Great Prospects, Greater Debt
Kinder Morgan Energy is engaged in the transportation and storage of energy commodities in the USA and Canada. The last quarter report showed the natural gas pipelines segment dominated quarterly results. The oil, products pipeline, and terminals segments saw improvements as well, although modest when compared directly. Additionally, the company has important projects underway valued at $14 billion total expected to feed future growth. Overall, the firm continues to attract the admiration of analysts due to its impressive growth and financial discipline.
In the near term, Kinder Morgan Energy is expected to grow through opportunities at the Eagle Ford and Haynesville shale. In line, the firm acquired the Tennessee Gas Pipeline and a stake in the El Paso Natural Gas to support the operations. Management has hinted that future projects may see the transformation from gas to crude oil of its stake on the El Paso Natural Gas pipeline. Additional projects are looking at neighboring Mexico as the end of a possible expansion for the same pipeline.
Good news for Kinder Morgan Energy shareholders is the raising of quarterly dividend payments for the 49th since February of 1997. The evidence points to the company’s credentials for a secure long-term investment supported by a continuous emergence of the natural gas shale, increase in carbon dioxide demand in the Permian Basin, and rising demand for export coal. The downside is the oil & gas industry’s price volatility, supply-demand imbalance, and rising interests.
Financially, Kinder Morgan Energy is moderate due to a high debt. Trading at 10.8 times its trailing earnings, the stock packs an important discount to the industry average. Jim Simmons, the largest guru holding a position, increased his stake throughout 2013. However, he has been the only one making a strong bid on the firm. I appreciate all future projects but see a great financial risk, and prefer to remain on the sidelines.
Great Prospects, Greater Premium
Unlike Kinder Morgan Energy, MarkWest Energy’s activities are concentrated in the gas segment. The firm gathers, processes, fractionates, and transports natural gas, natural gas liquids, and crude oil in the Southwest, Gulf Coast, and Northeast. Most notably, the firm is one of the largest processors of natural gas in the Appalachian region. Another strong point for the company is its wide portfolio of midstream assets, and reliable track supporting gas producers. An important characteristic for MarkWest Energy is the no payment of incentives to a general partner.
Great prospects for MarkWest Energy are associated with supporting activities at the Marcellus Shale as producers continue to invest on infrastructure expansion. Prospects are further fueled by the development of a partnership with Sunoco Logistics for the construction of an ethane distribution and transportation system. The project is expected to connect the Marcellus Shale with the Gulf Coast. In line with the project, the company acquired Keystone Midstream Services to increase the partnership’s processing capacities.
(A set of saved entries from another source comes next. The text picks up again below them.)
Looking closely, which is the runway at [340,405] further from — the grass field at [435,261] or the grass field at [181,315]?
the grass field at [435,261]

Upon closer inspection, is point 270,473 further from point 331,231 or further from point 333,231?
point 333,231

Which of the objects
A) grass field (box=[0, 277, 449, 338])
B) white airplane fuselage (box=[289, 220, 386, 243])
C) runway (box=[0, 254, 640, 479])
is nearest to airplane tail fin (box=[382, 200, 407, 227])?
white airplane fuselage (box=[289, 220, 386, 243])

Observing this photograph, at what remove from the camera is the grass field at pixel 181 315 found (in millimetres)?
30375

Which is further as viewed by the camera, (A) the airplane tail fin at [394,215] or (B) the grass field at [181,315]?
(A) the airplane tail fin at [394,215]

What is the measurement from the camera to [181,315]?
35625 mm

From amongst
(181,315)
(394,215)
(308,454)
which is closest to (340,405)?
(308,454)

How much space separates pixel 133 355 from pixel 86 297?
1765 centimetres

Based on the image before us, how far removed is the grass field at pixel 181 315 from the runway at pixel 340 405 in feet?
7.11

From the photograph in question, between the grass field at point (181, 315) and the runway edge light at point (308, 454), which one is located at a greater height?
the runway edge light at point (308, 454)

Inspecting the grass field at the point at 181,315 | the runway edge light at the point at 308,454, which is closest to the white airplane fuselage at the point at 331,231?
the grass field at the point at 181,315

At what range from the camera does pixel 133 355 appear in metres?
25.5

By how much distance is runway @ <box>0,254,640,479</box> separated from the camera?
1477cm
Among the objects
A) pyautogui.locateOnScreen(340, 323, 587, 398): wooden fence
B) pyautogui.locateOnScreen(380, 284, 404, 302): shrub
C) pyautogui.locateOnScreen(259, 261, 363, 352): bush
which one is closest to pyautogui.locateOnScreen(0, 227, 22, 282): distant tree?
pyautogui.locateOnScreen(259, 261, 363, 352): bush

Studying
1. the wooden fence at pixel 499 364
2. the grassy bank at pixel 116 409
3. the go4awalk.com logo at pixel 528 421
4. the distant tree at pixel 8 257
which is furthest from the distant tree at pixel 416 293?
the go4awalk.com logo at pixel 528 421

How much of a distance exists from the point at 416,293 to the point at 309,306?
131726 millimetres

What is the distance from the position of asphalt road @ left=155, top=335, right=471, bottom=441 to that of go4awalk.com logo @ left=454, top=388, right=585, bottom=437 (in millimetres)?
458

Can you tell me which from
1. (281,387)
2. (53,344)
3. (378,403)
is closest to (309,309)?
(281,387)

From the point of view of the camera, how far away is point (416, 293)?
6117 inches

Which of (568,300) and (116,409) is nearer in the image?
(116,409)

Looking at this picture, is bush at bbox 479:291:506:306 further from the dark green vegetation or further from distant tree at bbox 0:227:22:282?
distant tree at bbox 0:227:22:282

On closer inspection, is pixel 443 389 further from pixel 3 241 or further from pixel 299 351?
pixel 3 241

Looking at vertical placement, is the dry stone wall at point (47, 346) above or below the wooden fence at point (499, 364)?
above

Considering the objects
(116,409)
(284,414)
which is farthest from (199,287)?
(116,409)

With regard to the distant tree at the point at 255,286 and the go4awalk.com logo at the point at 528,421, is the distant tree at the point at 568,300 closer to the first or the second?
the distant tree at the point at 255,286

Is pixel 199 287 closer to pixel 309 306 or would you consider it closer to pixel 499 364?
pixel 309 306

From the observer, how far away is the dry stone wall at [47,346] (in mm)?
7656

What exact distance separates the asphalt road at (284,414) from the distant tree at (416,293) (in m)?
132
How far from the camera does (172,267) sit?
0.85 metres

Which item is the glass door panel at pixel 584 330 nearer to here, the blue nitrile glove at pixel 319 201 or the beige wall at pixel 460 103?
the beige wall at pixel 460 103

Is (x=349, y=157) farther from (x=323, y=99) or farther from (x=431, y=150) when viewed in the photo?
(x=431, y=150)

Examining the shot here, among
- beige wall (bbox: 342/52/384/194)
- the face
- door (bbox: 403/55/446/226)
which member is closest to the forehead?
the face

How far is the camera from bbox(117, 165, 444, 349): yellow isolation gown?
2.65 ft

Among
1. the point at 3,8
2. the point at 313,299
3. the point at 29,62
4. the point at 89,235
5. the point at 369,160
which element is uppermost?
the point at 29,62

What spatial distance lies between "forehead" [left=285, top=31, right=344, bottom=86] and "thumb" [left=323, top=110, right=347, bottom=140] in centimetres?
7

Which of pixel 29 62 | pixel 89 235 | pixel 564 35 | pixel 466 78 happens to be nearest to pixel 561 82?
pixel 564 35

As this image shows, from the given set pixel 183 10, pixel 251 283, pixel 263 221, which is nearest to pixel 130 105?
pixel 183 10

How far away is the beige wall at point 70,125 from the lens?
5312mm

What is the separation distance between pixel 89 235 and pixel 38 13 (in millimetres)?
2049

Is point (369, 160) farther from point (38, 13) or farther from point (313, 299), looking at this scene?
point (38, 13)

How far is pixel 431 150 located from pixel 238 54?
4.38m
On the downside, MarWest Energy a higher degree of exposure to commodity price than the competition limits unexpected earnings surprises. Even more, the high exposure can have terrible effects over performance should gas prices experience a sudden drop. Looking forward, acquisitions are expected to continue playing an important role in the growth strategy. But growth impact will probably be limited and considerably smaller than previous acquisitions.
Financially, MarkWest Energy is strong thanks to growing revenues and net income. Currently trading at 131.6, the stock carries a huge premium to the industry average. Jim Simmons has been the only one registering a transaction during the current year. He is also the largest guru holding a position in the firm. I share his optimism but the premium is too big at this time.
Debt vs Premium
I honestly like both companies and feel that they are well positioned to take advantage of current and future market synergies. However, the stock price premium carried by MarkWest Energy is too big. It is big on its own, but even larger when compared to the small risks associated with Kinder Morgan Energy´s debt levels. For the same reason, I think this the right time to take advantage of the discount offered by Kinder Morgan Energy, and add its stock to your long-term portfolio.
Disclosure: Vanina Egea holds no position in any of the mentioned stocks.